Harold - A Full Life

FTLComm - Tisdale - May 25, 2001

Harold is a genuine hero, a modern man who was born in April of 1900. He married and shared his life with his wife for seventy-six years, they had two children now in their eighties. When Harold got to be seventy-one he decided to take up golf and that very first year he shot a remarkable hole in one. Since then Harold's total of hole-in-ones has reached six, that last one coming just last week at his home course in Florida where he normally plays eighteen holes a day.

Harold wowed the media when they heard about his latest hole and one and video of his golf swing is as slick and smooth as Tiger Woods. That is a valid driver license Jay Leno is holding at the top of the page and indeed this 101 year old man drives his car day and night. He claims it isn't hard you just keep it between the lines.

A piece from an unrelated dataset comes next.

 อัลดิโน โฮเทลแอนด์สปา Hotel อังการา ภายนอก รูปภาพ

Thanks to Jay Leno and NBC we got to listen to this man in a remarkable interview last night on the Tonight Show from which I borrowed these pictures so that you might appreciate one of the most important guys to come along in a long time.
 

Not only is Harold a man of the past and present but it looks like we can expect him to be the man of the future. The life expectancy data is suggesting that we are living in an age where living to and past a hundred years old is no longer a fluke but is becoming more and more common. Good food, the decline of widespread epidemics and better treatment for minor ailments could be making the difference.

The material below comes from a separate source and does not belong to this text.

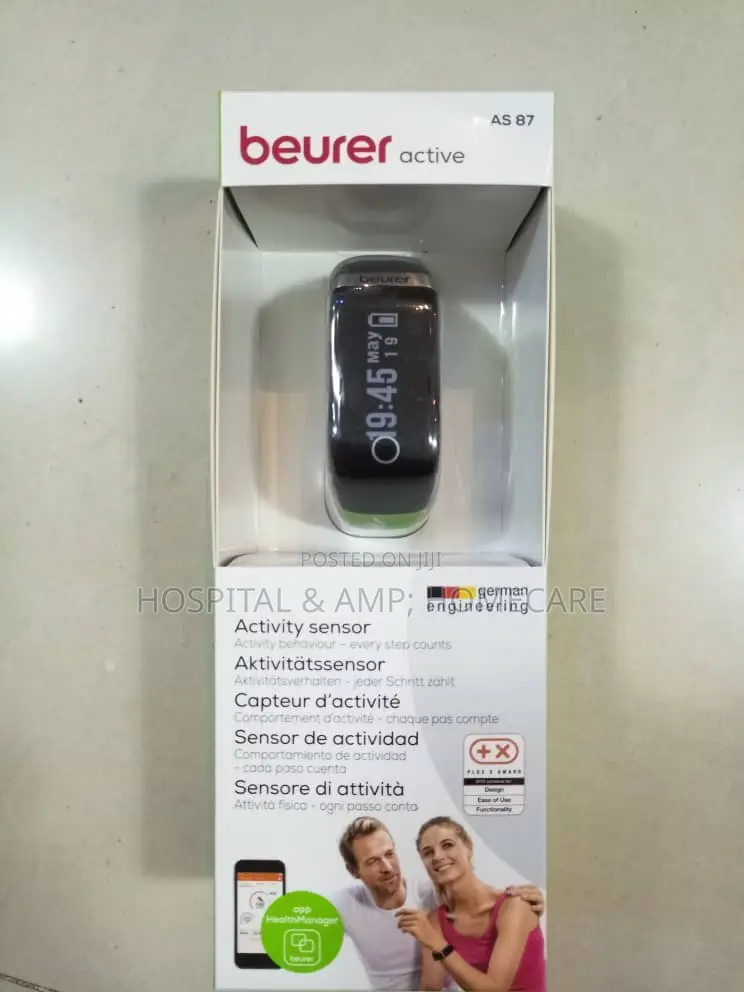 Beurer AS87 Activity Sensor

Perhaps the most important thing about Harold and others like him is the quality of life. Living to be very old has not always been considered such a good thing because for so many people they live on but their lives are ravaged with illness, immobility and care homes. The startling occurance of many people living active healthy lives is becoming more and more common. We can see this in our own communities and when you look at the lives of the seniors
 

of today it is important to see that they are doing the same sorts of things everyone else is doing.

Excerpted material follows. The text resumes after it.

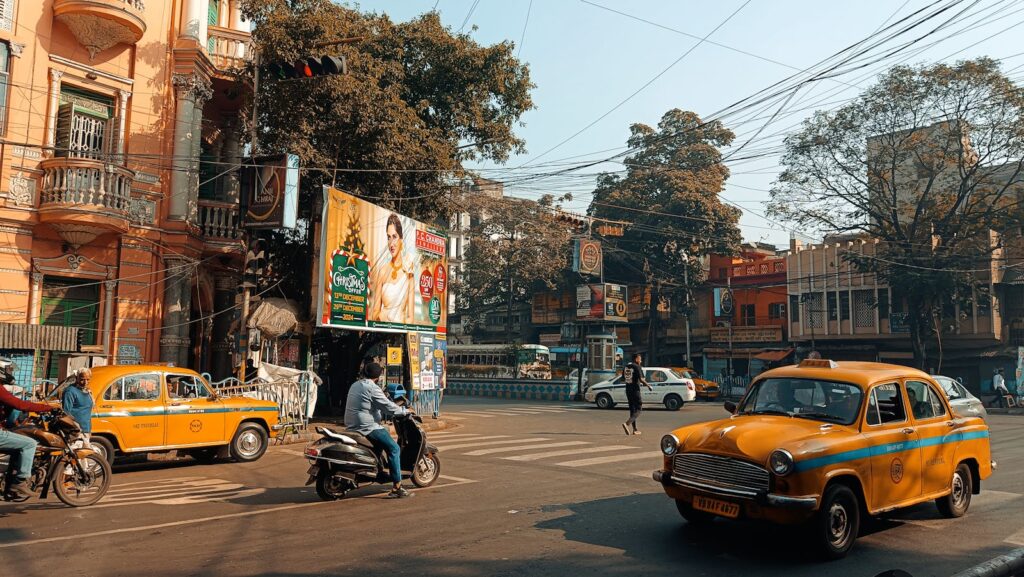 Kolkata in Winter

Jay Leno asked Harold about "Viagra" and Harold said: "I don't need it."

When you consider this example of a full life we have to come to terms with what this phenomena will do to society. How will we adapt to large numbers of people living on happily long past their earning years, and will we see the age of retirement move hirer so that society can make use of the wisedom and knowledge of people like Harold? To really think this issue through realise the impact of we the baby boomer generation will have on the economy as we retire and what will our spending habits and savings do to the economic conditions of our world? These effects have already kicked in and few economist have realised the impact that will result from this change in the age of society as a whole.

As for each of us on an individual basis we have to change the way we think about our lives, what we can expect to do, the skills we need and the benefits of being able to look back clearly on a longer life. We each much re-evaluate the way we think about old age. Harold is important, we can not all be like him, but more of us then ever before will have better and longer lives.